■ **About this task**: The exercise calls for exact output of the lines between the one that contains "B&B HOTEL Paris 17 Batignolles 1" and the end of the data, with both ends kept and pictures left out.

■ **Information provided**:

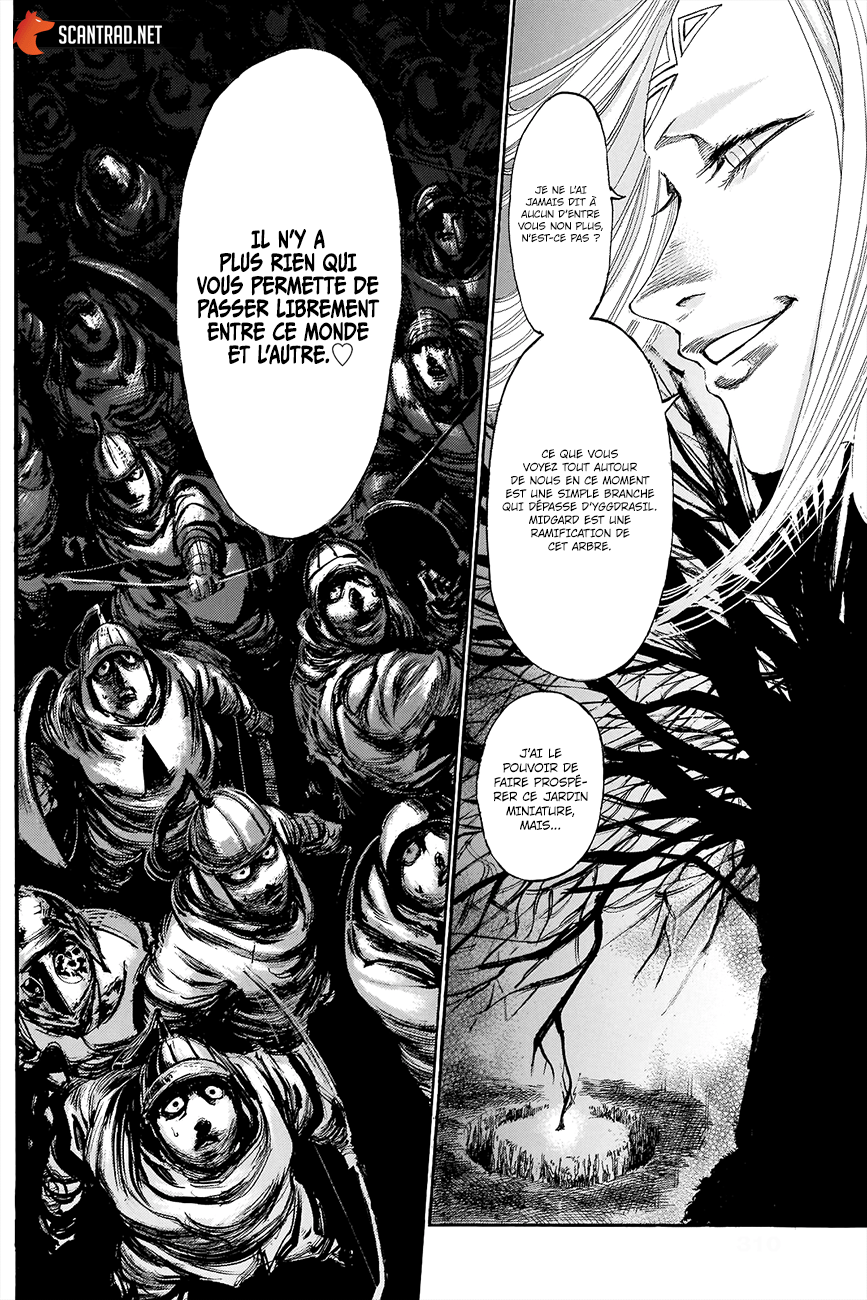 Read Kurogane No Valhallian fr Manga Online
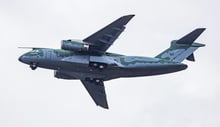 Embraer KC-390 Millennium substitui o KC-130 nas forças armadas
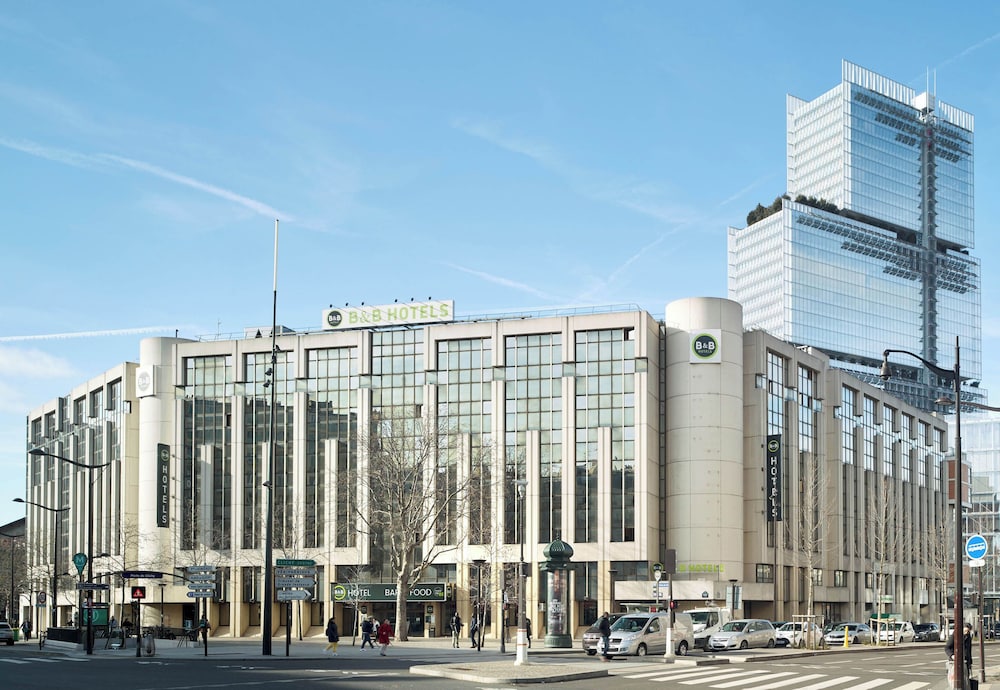 B&B HOTEL Paris 17 Batignolles 1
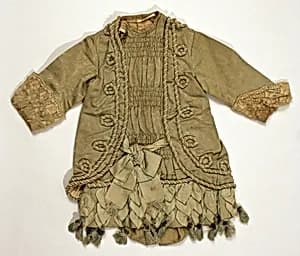 Dress by Unknown Artist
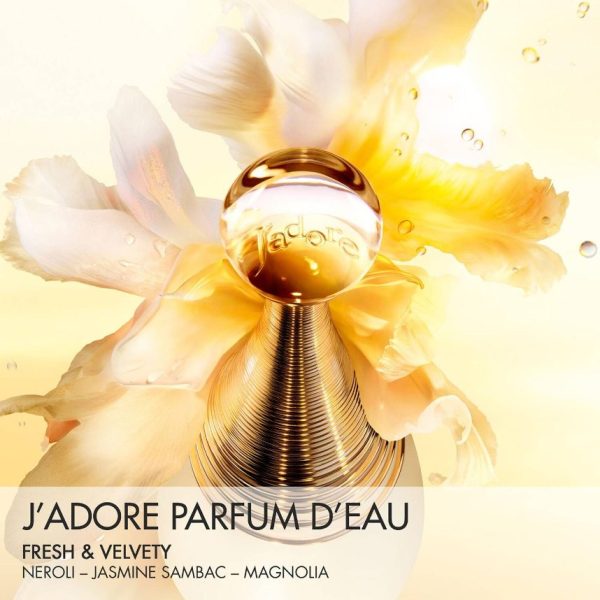 DIOR J'adore Parfum d'eau 30ml - Image 3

■ **Task output**:
 B&B HOTEL Paris 17 Batignolles 1
 Dress by Unknown Artist
 DIOR J'adore Parfum d'eau 30ml - Image 3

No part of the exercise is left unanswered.